From: Marc Zyngier <maz@kernel.org>
To: Johan Hovold <johan@kernel.org>
Cc: Thomas Gleixner <tglx@linutronix.de>,
LKML <linux-kernel@vger.kernel.org>,
linux-arm-kernel@lists.infradead.org, linux-pci@vger.kernel.org,
anna-maria@linutronix.de, shawnguo@kernel.org,
s.hauer@pengutronix.de, festevam@gmail.com, bhelgaas@google.com,
rdunlap@infradead.org, vidyas@nvidia.com,
ilpo.jarvinen@linux.intel.com, apatel@ventanamicro.com,
kevin.tian@intel.com, nipun.gupta@amd.com, den@valinux.co.jp,
andrew@lunn.ch, gregory.clement@bootlin.com,
sebastian.hesselbarth@gmail.com, gregkh@linuxfoundation.org,
rafael@kernel.org, alex.williamson@redhat.com, will@kernel.org,
lorenzo.pieralisi@arm.com, jgg@mellanox.com,
ammarfaizi2@gnuweeb.org, robin.murphy@arm.com,
lpieralisi@kernel.org, nm@ti.com, kristo@kernel.org,
vkoul@kernel.org, okaya@kernel.org, agross@kernel.org,
andersson@kernel.org, mark.rutland@arm.com,
shameerali.kolothum.thodi@huawei.com, yuzenghui@huawei.com
Subject: Re: [patch V4 00/21] genirq, irqchip: Convert ARM MSI handling to per device MSI domains
Date: Wed, 17 Jul 2024 13:54:40 +0100 [thread overview]

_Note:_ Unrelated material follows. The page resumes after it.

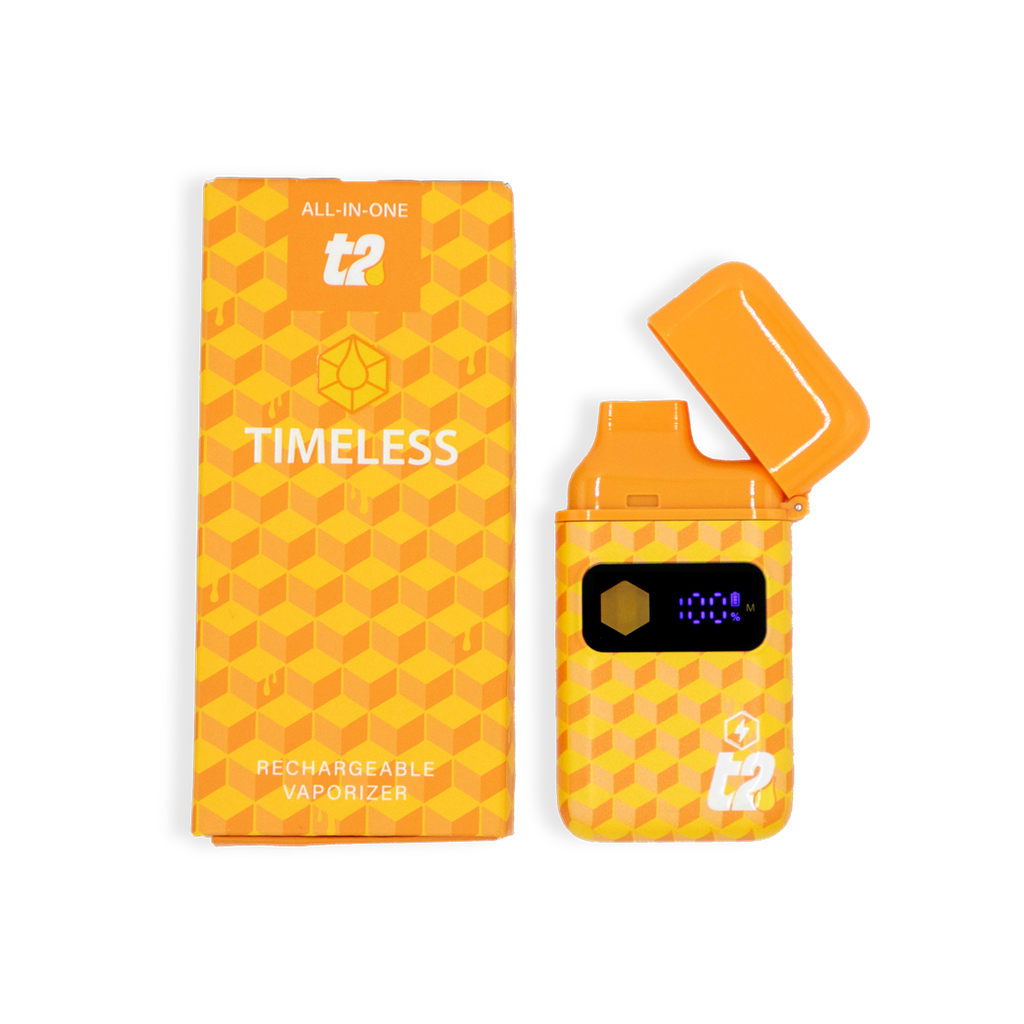 Timeless Jungle Punch All-in-One 2g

Message-ID: <86msmg2n73.wl-maz@kernel.org> (raw)
In-Reply-To: <Zpdxe4ce-XwDEods@hovoldconsulting.com>
On Wed, 17 Jul 2024 08:23:39 +0100,
Johan Hovold <johan@kernel.org> wrote:
>
> On Tue, Jul 16, 2024 at 07:21:39PM +0100, Marc Zyngier wrote:
> > On Tue, 16 Jul 2024 15:53:28 +0100,
> > Johan Hovold <johan@kernel.org> wrote:
> > > On Tue, Jul 16, 2024 at 11:30:05AM +0100, Marc Zyngier wrote:
> > > > On Mon, 15 Jul 2024 15:10:01 +0100,
> > > > Johan Hovold <johan@kernel.org> wrote:
> > > > > On Mon, Jul 15, 2024 at 01:58:13PM +0100, Marc Zyngier wrote:
> > > > > > On Mon, 15 Jul 2024 12:18:47 +0100,
> > > > > > Johan Hovold <johan@kernel.org> wrote:
>
> > > > > > > This series only showed up in linux-next last Friday and broke interrupt
> > > > > > > handling on Qualcomm platforms like sc8280xp (e.g. Lenovo ThinkPad X13s)

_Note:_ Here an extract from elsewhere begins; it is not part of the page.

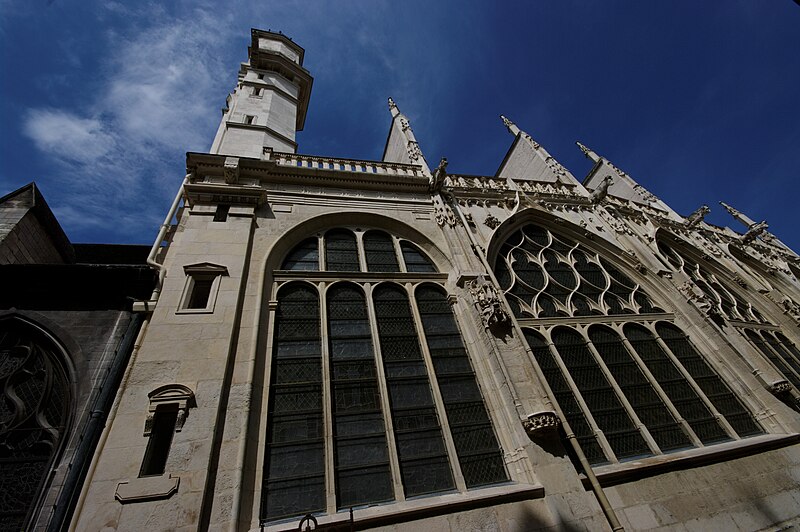 File:Church - Troyes, France (6215110653).jpg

> > > > > > > and x1e80100 that use the GIC ITS for PCIe MSIs.
> > > > > > >
> > > > > > > I've applied the series (21 commits from linux-next) on top of 6.10 and
> > > > > > > can confirm that the breakage is caused by commits:
> > > > > > >
> > > > > > > 3d1c927c08fc ("irqchip/gic-v3-its: Switch platform MSI to MSI parent")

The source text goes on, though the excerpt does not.